◆ What to produce:
Below are the entries. Transcribe exactly the lines from the one with "Changan: Changan Qiyuan" through the one with "2025 Porsche 911", ends included, and leave out all others.

◆ Materials provided:
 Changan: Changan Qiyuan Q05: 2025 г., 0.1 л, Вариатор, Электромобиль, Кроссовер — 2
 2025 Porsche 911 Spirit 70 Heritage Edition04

==

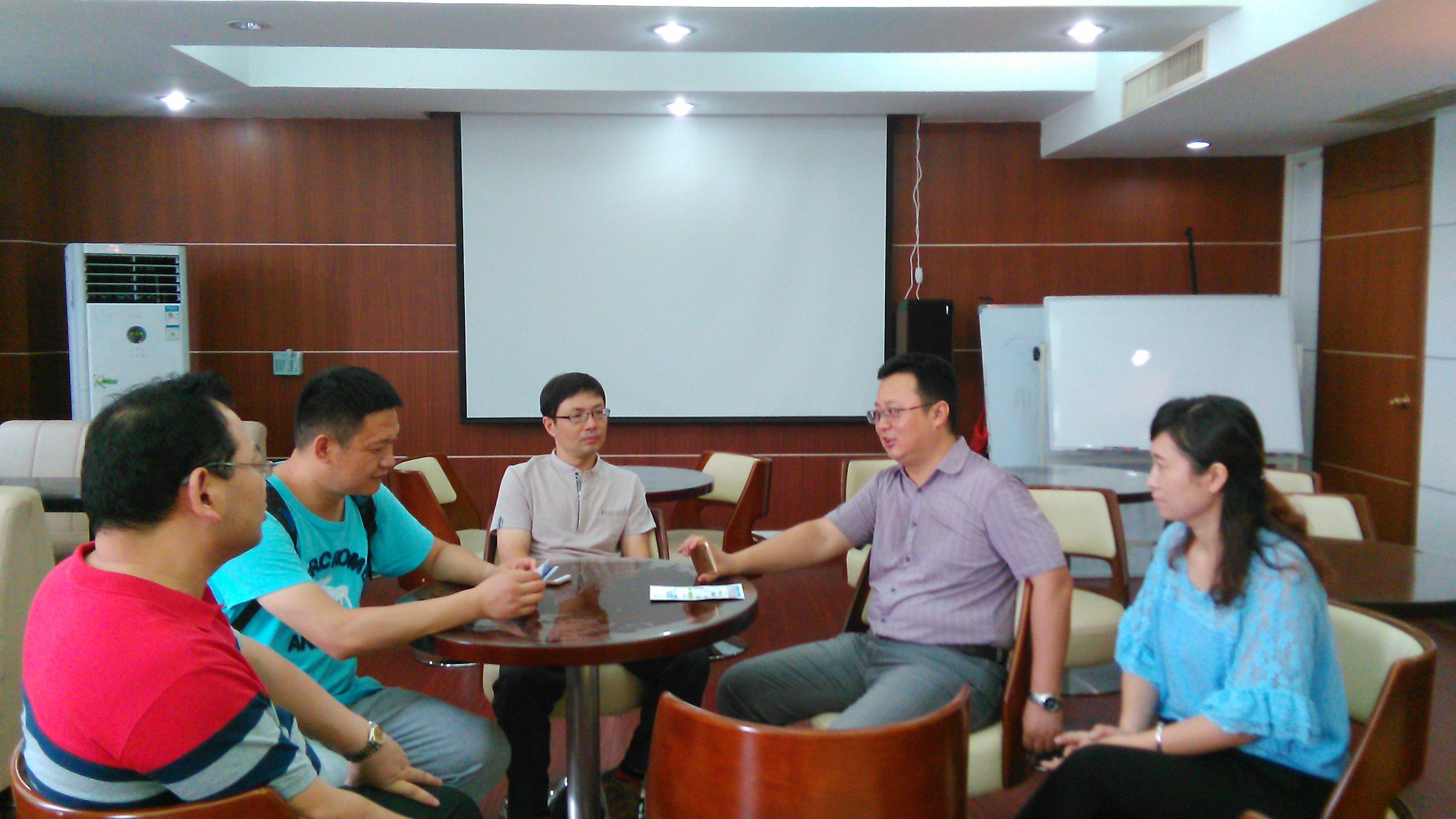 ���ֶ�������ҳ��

◆ Result of the task:
 Changan: Changan Qiyuan Q05: 2025 г., 0.1 л, Вариатор, Электромобиль, Кроссовер — 2
 2025 Porsche 911 Spirit 70 Heritage Edition04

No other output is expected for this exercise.